[mpich-discuss] MPI_Comm_spawn crosses node boundaries

Raffenetti, Ken raffenet at anl.gov
Mon Feb 7 16:28:47 CST 2022


Darn. I'm creating an issue to track this since it will likely take some time and effort to investigate each configuration.

https://github.com/pmodels/mpich/issues/5835

Ken

On 2/7/22, 12:41 PM, "Mccall, Kurt E. (MSFC-EV41)" <kurt.e.mccall at nasa.gov> wrote:

    Ken,

    To review, I configured as follows:

    $ configure   CFLAGS=-DUSE_PMI2_API   LIBS=-lpmi2   --with-pm=none   --with-pmi=slurm   --with-slurm=/opt/slurm     < ...>

    and ran srun with the argument --mpi=pmi2.

    The job is stil segfaulting in MPI_Comm_spawn in one process and returning an error from MPI_Barrier in the other.   Error messages below:


    The MPI_Comm_spawn error:


    backtrace for error: backtrace after receiving signal SIGSEGV:
        /home/kmccall/Needles2/./NeedlesMpiMM() [0x45ab36]
        /lib64/libpthread.so.0(+0x12c20) [0x7f4833387c20]
        /lib64/libc.so.6(+0x15d6b7) [0x7f483310d6b7]
        /lib64/libc.so.6(__strdup+0x12) [0x7f4833039802]
        /lib64/libpmi2.so.0(+0x171c) [0x7f483294371c]
        /lib64/libpmi2.so.0(+0x185e) [0x7f483294385e]
        /lib64/libpmi2.so.0(PMI2_Job_Spawn+0x1a7) [0x7f48329453d8]
        /home/kmccall/mpich-slurm-install-4.0_2/lib/libmpi.so.12(+0x23a7db) [0x7f4834e0a7db]
        /home/kmccall/mpich-slurm-install-4.0_2/lib/libmpi.so.12(+0x1fc805) [0x7f4834dcc805]
        /home/kmccall/mpich-slurm-install-4.0_2/lib/libmpi.so.12(MPI_Comm_spawn+0x507) [0x7f4834cea9f7]

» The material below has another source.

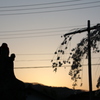 静寂な夕暮れ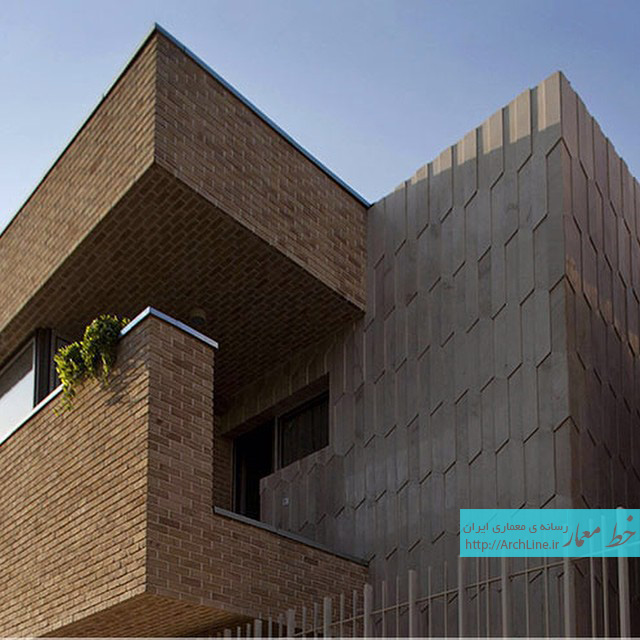 معماری و طراحی داخلی ساختمان شماره ۷ نجف آباد اصفهان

    The MPI_Barrier error:

    MPI_Barrier returned the error MPI runtime error: Unknown error class, error stack:
    internal_Barrier(84).......................: MPI_Barrier(MPI_COMM_WORLD) failed
    MPIR_Barrier_impl(91)......................:
    MPIR_Barrier_allcomm_auto(45)..............:
    MPIR_Barrier_intra_dissemination(39).......:
    MPIDI_CH3U_Complete_posted_with_error(1090): Process failed




    Thanks,
    Kurt

    -----Original Message-----
    From: Raffenetti, Ken <raffenet at anl.gov> 
    Sent: Friday, February 4, 2022 4:08 PM
    To: Mccall, Kurt E. (MSFC-EV41) <kurt.e.mccall at nasa.gov>; discuss at mpich.org
    Subject: [EXTERNAL] Re: [mpich-discuss] MPI_Comm_spawn crosses node boundaries

    :(. We need to link -lpmi2 instead of -lpmi. This really needs a patch in our configure script, but adding this to your configure is worth a shot:

      LIBS=-lpmi2

    Ken

    On 2/4/22, 1:56 PM, "Mccall, Kurt E. (MSFC-EV41)" <kurt.e.mccall at nasa.gov> wrote:

        I added the CFLAGS argument and the configuration completed, but make ended with a link error.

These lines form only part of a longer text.